Wild spending by Chinese Super League clubs -- including massive deals for Oscar and Carlos Tevez by rival Shanghai clubs -- has to stop.

That warning isn't coming from European officials, fearful of the inflationary pressure on transfer fees and salaries, but from the Chinese Sports General Administration, which issued a statement on Thursday that it will “regulate and restrain high-priced signings, and make reasonable restrictions on players’ high incomes."

The statement accusing clubs of "burning money" comes a month after an editorial by the ruling Communist Party’s official newspaper, the People’s Daily, critical of the spending by Super League clubs on foreign players and coaches had reached almost $500 million.

The irony, of course, is that the boom was triggered when Chinese president Xi Jinping, a big soccer fan, supported efforts to transform the country into great soccer power. At the grassroots level, that has meant the investment of huge sums in soccer schools. But national and internationally, Chinese investors have been encouraged to center their sports and entertainment portfolios on soccer properties.

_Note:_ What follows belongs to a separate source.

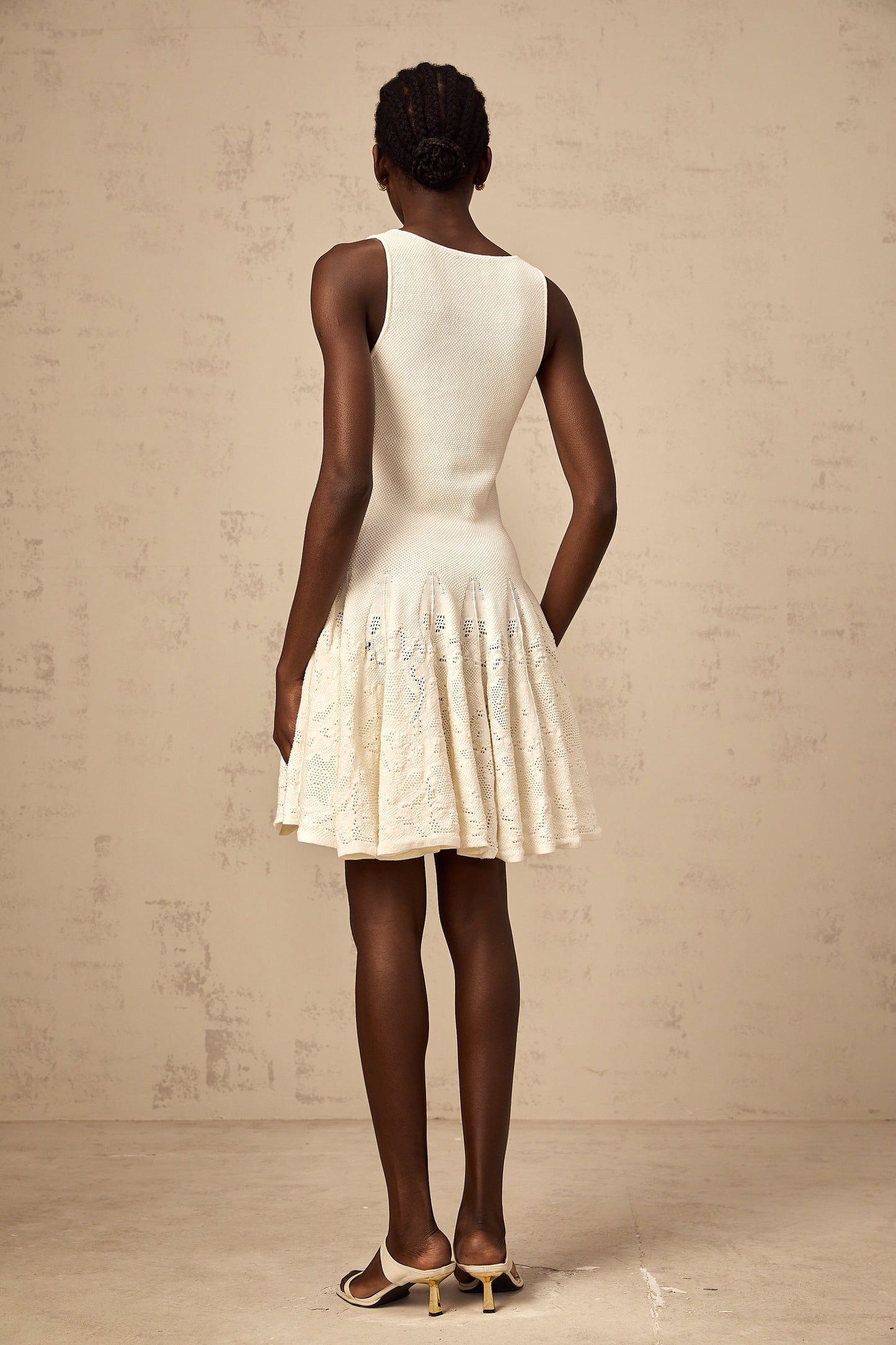 Éléonore white jacquard knit mini dress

Reuters quoted an unnamed official as saying concerns were centered on "large scale overseas acquisitions, the grave phenomenon of clubs burning money, salaries that are too high for foreign players, not attaching importance to youth training, and only emphasizing short-term achievements and neglecting long-term development."

To attack the problem, the Sports General Administration is looking at imposing caps on transfer fees and limit fees paid to agents and brokers for facilitating agreements -- wasted money it wants directed to youth development.

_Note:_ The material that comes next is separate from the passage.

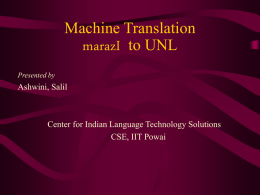 Machine Translation marazI to UNL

Bloomberg also reported that the Sports General Administration's warning isn't just limited to domestic spending, suggesting it will take aim at overseas soccer spending.

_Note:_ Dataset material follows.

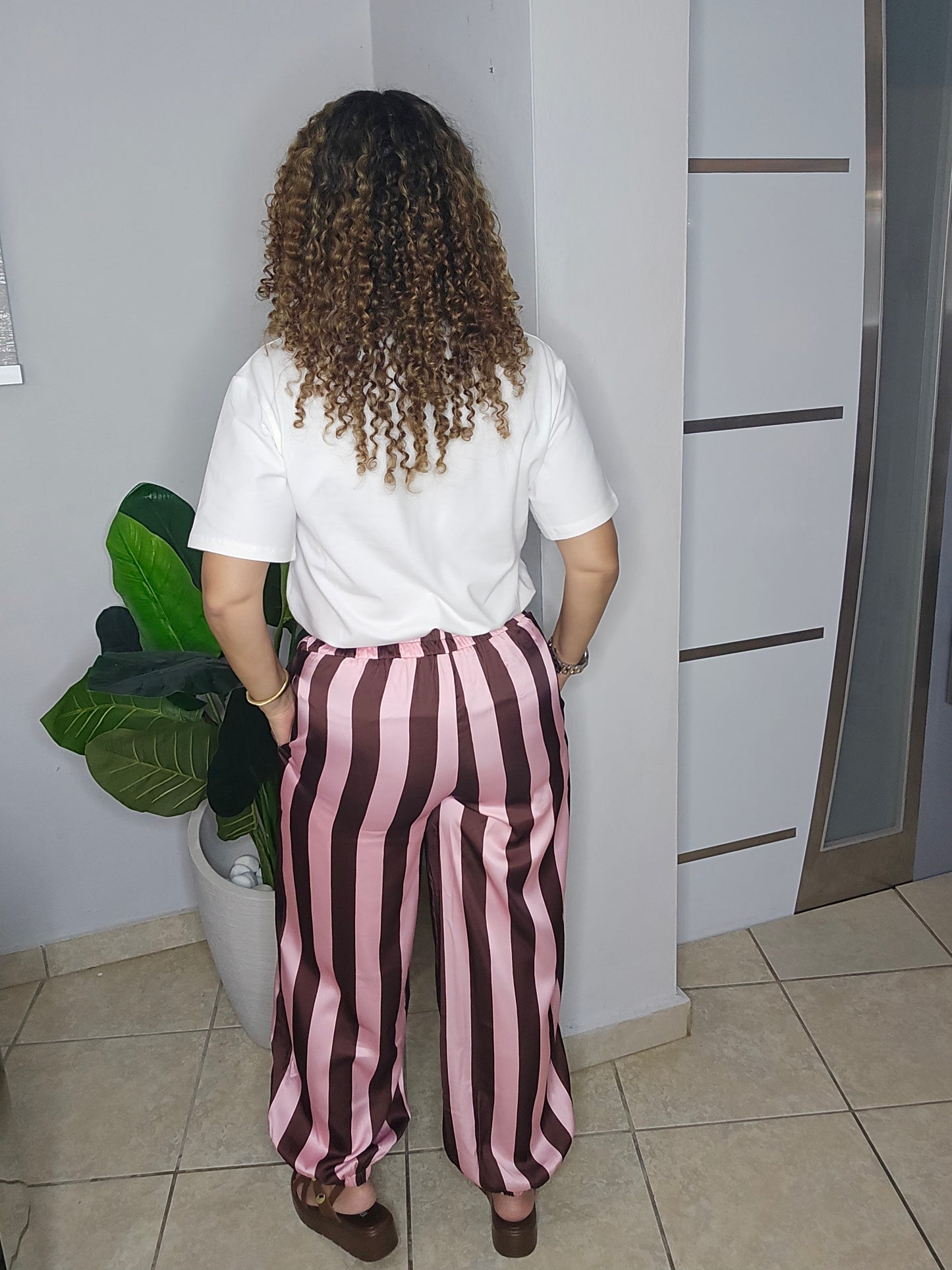 Vertical Striped Jogger Pant in Pink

What European clubs gain from an easing of the inflationary pressure on salaries and transfer fees might be offset by reduced Chinese investment in struggling European clubs that has been termed "a blessing."

Chinese investors have bought or attempted to buy majority or minority positions in a host of European clubs, including Manchester City, Inter Milan, AC Milan and Atletico Madrid.

Lyon's acquisition of Alex Morgan coincided with a deal club president Jean-Michel Aulas reached with China's IDG Capital to invest 100 million euros ($120 million) into Lyon in return for a 20 percent interest in the club.

Investment in smaller European clubs has come as a lifesaver, allowing them to pay off or restructure debt. Without it, the soccer bubble economy could burst.